■ WORK ITEM: What lines below hold the string "Photograph"? Copy them all.
━━━━━ DATA PROVIDED
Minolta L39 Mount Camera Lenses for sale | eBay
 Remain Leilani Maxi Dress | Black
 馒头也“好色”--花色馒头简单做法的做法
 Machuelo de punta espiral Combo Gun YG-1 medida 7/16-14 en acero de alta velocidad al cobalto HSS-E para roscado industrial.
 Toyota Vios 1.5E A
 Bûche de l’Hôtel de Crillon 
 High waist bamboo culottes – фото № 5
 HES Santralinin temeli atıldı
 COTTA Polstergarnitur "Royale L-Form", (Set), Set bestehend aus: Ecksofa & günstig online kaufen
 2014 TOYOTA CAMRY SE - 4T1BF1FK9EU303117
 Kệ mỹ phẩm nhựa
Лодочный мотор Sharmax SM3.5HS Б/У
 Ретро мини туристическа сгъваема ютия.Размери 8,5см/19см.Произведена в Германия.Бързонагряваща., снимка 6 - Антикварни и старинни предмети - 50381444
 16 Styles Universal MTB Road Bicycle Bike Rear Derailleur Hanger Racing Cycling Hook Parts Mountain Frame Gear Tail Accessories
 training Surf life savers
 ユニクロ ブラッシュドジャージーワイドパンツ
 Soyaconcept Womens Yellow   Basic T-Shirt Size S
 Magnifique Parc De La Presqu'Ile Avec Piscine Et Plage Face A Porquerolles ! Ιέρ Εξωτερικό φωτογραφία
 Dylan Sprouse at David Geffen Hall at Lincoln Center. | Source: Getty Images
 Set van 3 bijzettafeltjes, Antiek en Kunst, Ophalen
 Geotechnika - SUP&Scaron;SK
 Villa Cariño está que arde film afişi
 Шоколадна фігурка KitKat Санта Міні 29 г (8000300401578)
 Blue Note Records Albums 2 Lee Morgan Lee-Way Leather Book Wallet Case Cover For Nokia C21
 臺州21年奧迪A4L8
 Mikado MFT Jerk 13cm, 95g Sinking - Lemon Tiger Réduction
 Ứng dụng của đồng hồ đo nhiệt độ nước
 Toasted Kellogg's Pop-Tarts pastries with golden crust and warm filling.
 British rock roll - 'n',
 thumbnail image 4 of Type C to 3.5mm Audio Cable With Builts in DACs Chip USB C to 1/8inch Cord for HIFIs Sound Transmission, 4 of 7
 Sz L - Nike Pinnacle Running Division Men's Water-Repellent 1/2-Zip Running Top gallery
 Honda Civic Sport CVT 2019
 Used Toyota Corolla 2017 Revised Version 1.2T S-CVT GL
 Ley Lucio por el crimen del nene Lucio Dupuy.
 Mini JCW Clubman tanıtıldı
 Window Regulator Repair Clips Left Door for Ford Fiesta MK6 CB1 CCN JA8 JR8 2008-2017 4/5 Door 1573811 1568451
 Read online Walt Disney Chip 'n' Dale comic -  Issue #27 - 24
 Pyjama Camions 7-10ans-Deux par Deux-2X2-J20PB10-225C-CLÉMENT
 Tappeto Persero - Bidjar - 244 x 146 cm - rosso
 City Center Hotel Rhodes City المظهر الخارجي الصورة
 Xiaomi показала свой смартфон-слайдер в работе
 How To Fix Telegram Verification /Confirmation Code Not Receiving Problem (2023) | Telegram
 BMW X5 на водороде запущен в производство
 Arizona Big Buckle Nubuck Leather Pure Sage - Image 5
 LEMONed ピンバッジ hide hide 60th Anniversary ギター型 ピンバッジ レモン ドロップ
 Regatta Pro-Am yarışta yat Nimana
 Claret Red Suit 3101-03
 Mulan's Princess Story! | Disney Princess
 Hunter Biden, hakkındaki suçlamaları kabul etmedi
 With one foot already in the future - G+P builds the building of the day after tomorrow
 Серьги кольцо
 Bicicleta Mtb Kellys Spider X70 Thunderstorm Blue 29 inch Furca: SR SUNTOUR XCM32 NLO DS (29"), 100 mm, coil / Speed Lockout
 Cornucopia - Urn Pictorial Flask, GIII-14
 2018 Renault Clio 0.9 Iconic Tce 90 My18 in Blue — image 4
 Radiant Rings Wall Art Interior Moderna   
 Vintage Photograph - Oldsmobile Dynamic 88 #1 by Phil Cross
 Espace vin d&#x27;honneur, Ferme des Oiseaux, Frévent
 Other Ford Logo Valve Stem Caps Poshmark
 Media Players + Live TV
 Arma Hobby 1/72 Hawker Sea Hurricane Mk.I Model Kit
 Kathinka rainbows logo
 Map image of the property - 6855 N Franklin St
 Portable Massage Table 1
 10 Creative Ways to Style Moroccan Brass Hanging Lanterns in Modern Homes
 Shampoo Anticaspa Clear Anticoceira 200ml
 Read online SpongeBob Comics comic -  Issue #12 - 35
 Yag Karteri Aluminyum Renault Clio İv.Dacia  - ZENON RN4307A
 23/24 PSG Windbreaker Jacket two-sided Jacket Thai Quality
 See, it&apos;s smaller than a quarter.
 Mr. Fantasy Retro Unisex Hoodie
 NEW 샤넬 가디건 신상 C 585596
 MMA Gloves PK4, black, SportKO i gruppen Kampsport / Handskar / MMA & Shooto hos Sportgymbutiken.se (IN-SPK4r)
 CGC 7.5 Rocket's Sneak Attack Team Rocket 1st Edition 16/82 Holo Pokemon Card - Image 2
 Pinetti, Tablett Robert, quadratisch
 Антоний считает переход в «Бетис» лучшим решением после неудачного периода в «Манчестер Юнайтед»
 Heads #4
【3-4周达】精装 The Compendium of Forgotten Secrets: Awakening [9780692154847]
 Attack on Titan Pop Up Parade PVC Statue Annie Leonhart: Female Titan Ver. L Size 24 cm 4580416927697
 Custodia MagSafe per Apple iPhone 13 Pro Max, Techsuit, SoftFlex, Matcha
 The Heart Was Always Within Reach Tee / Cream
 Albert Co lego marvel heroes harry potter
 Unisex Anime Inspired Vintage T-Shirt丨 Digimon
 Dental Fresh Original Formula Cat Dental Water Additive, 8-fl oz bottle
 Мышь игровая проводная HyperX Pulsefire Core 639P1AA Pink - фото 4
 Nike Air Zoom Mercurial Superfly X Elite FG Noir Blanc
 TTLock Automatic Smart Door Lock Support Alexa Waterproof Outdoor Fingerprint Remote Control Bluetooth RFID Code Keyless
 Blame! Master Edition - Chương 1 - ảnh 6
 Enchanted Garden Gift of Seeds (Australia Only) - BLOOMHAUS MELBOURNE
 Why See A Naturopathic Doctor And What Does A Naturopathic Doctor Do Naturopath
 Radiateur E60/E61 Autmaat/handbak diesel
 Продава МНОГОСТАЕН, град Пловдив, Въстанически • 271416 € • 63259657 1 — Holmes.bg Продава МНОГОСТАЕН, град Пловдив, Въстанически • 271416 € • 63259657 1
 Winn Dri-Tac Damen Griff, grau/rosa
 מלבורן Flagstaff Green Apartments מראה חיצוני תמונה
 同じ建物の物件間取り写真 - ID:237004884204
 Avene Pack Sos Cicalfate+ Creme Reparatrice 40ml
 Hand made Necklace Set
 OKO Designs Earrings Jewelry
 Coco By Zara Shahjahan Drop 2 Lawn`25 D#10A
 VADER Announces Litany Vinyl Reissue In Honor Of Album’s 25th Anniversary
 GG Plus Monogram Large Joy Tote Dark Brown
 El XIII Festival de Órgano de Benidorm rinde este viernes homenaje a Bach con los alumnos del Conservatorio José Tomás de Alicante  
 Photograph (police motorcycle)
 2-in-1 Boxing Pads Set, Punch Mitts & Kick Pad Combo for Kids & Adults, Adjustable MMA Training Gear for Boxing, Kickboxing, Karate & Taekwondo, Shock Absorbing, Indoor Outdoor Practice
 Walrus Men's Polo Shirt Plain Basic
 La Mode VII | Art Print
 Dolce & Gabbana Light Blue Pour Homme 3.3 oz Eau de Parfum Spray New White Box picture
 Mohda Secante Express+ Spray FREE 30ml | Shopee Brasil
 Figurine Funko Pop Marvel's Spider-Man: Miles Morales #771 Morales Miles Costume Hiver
━━━━━━━━━━
■ RESPONSE FOR THIS EXERCISE:
 Vintage Photograph - Oldsmobile Dynamic 88 #1 by Phil Cross
 Photograph (police motorcycle)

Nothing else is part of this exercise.